== Instructions to follow ==
Nothing below is to be printed except the lines between the line holding "Being in Higher" and the line holding "in shower Gorgeous", inclusive, each exactly as it appears.

== Data extracts ==
****
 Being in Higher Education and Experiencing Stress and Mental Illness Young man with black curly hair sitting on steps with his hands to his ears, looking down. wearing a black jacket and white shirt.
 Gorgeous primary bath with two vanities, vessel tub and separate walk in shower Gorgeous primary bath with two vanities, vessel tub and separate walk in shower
****
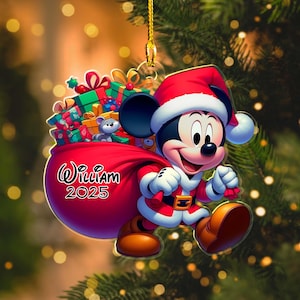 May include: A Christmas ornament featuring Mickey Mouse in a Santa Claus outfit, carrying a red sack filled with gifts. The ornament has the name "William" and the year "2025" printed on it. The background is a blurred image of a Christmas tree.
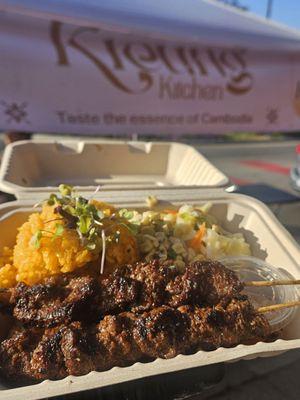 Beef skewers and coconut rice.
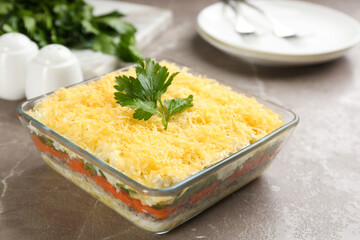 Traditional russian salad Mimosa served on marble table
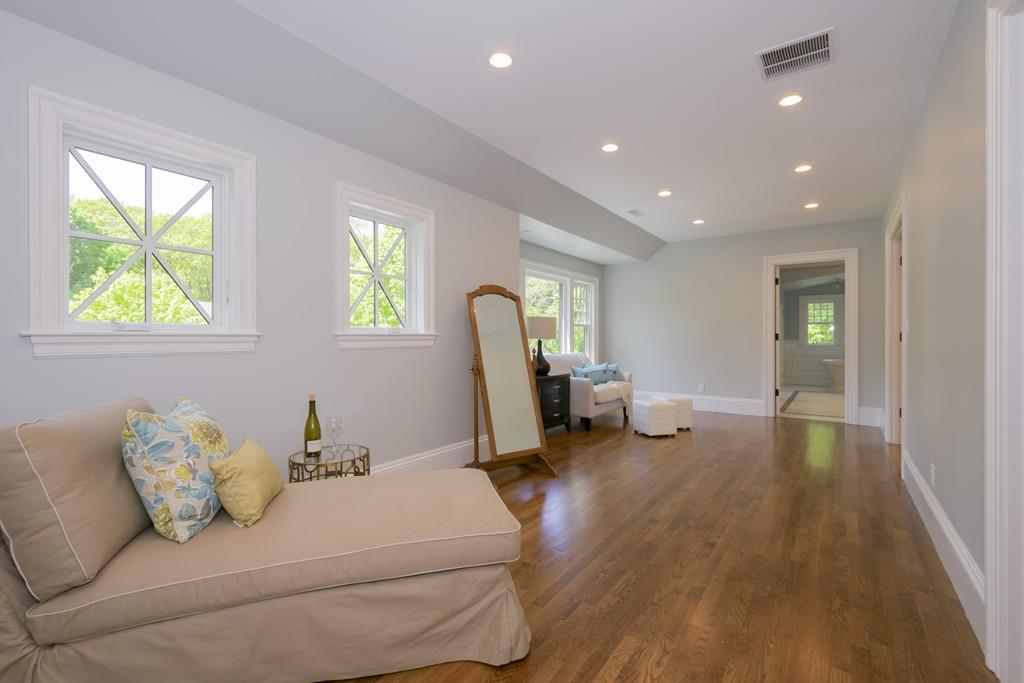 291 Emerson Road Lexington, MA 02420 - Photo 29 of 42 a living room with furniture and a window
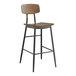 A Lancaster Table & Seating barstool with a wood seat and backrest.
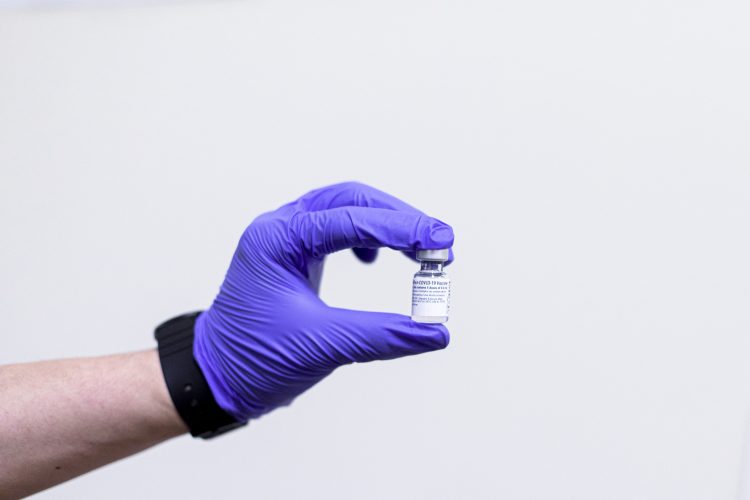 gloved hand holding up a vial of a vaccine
****
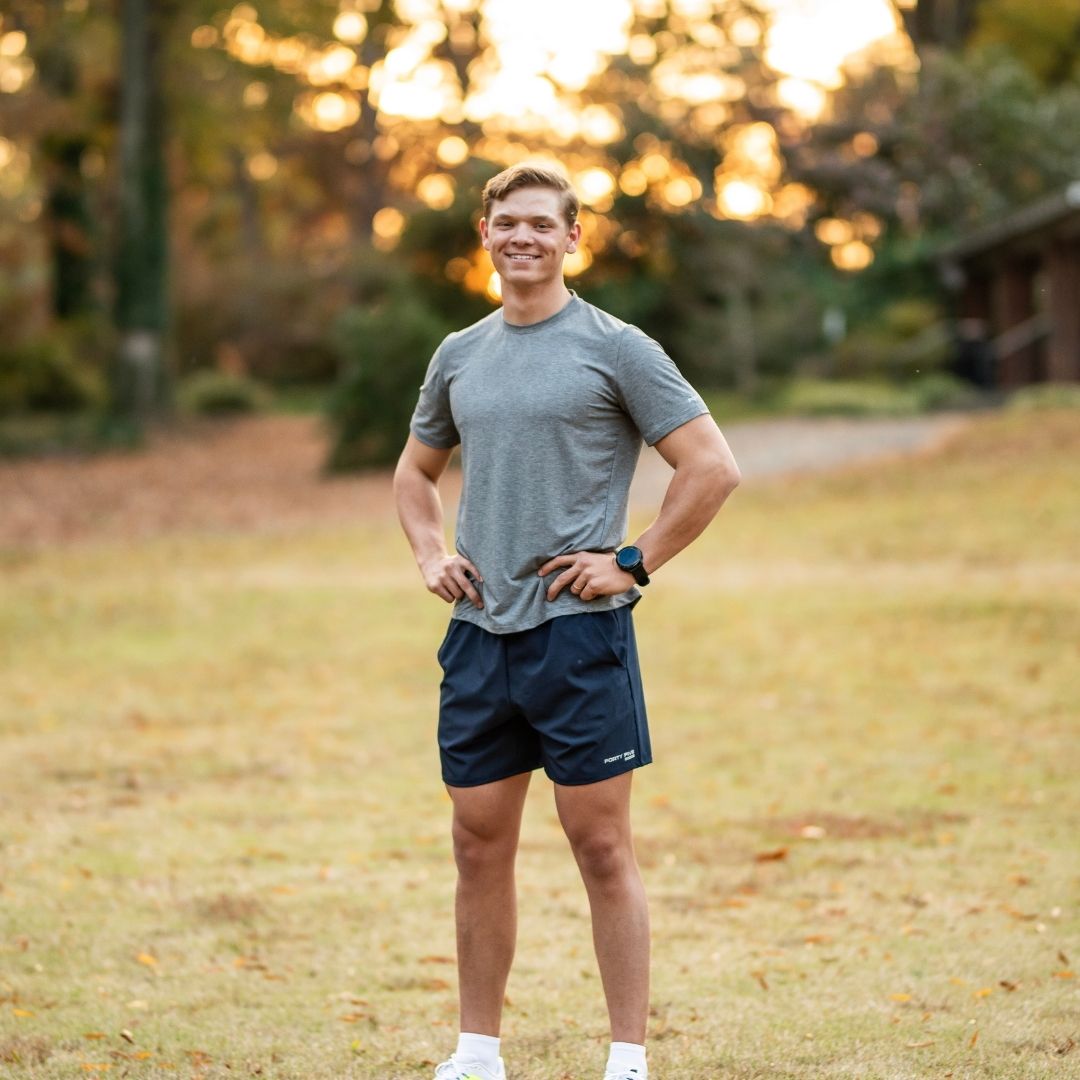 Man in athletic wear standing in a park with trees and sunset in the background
****
== Expected answer ==
 Being in Higher Education and Experiencing Stress and Mental Illness Young man with black curly hair sitting on steps with his hands to his ears, looking down. wearing a black jacket and white shirt.
 Gorgeous primary bath with two vanities, vessel tub and separate walk in shower Gorgeous primary bath with two vanities, vessel tub and separate walk in shower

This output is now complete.